## WHAT YOU SHOULD DO:
Print out each record below, unaltered and complete, without its images.

## INFORMATION PROVIDED:
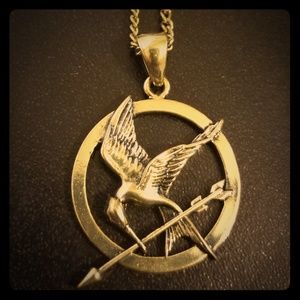 The Hunger Games Necklace
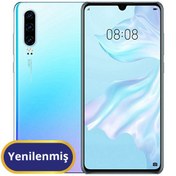 Resim Huawei P30 Yenilenmiş TR Garanti | 128 GB 6 GB Beyaz 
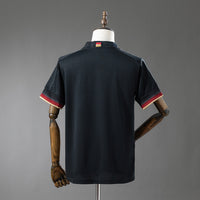 Alemanha Secundária Retrô Camisa 20/21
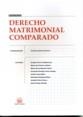 DERECHO MATRIMONIAL COMPARADO | 9788484562764 | GUSTAVO SUÁREZ PERTIERRA/ENRIQUE VIVÓ DE UNDABARRENA/Mª JOSÉ CIAURRIZ LABIANO/Mª TERESA REGUEIRO GAR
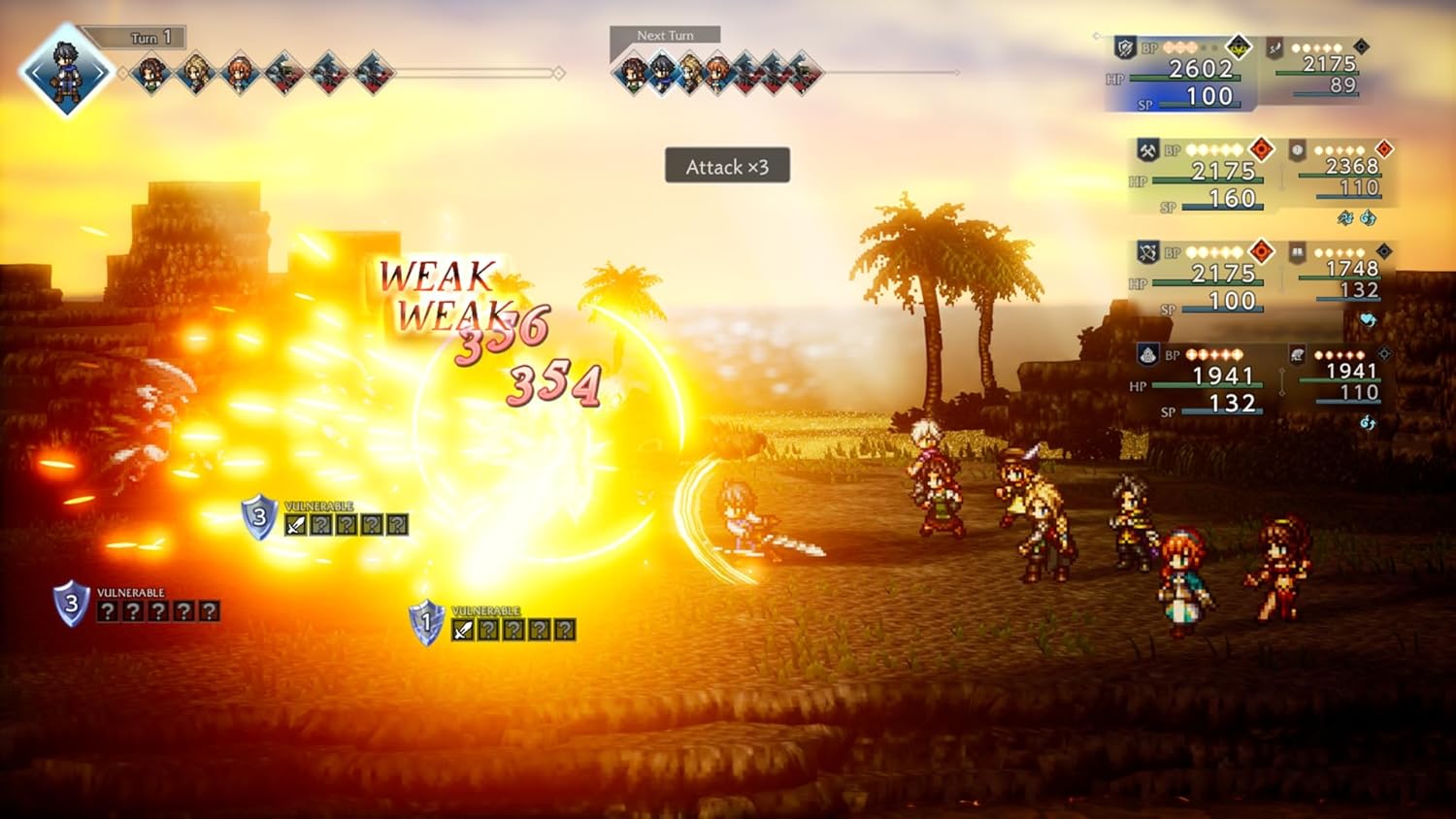 Octopath Traveler 0 - Nintendo Switch 2 - Retro Island Gaming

## SOLUTION FOR THIS PROBLEM:
 The Hunger Games Necklace
 Resim Huawei P30 Yenilenmiş TR Garanti | 128 GB 6 GB Beyaz 
 Alemanha Secundária Retrô Camisa 20/21
 DERECHO MATRIMONIAL COMPARADO | 9788484562764 | GUSTAVO SUÁREZ PERTIERRA/ENRIQUE VIVÓ DE UNDABARRENA/Mª JOSÉ CIAURRIZ LABIANO/Mª TERESA REGUEIRO GAR
 Octopath Traveler 0 - Nintendo Switch 2 - Retro Island Gaming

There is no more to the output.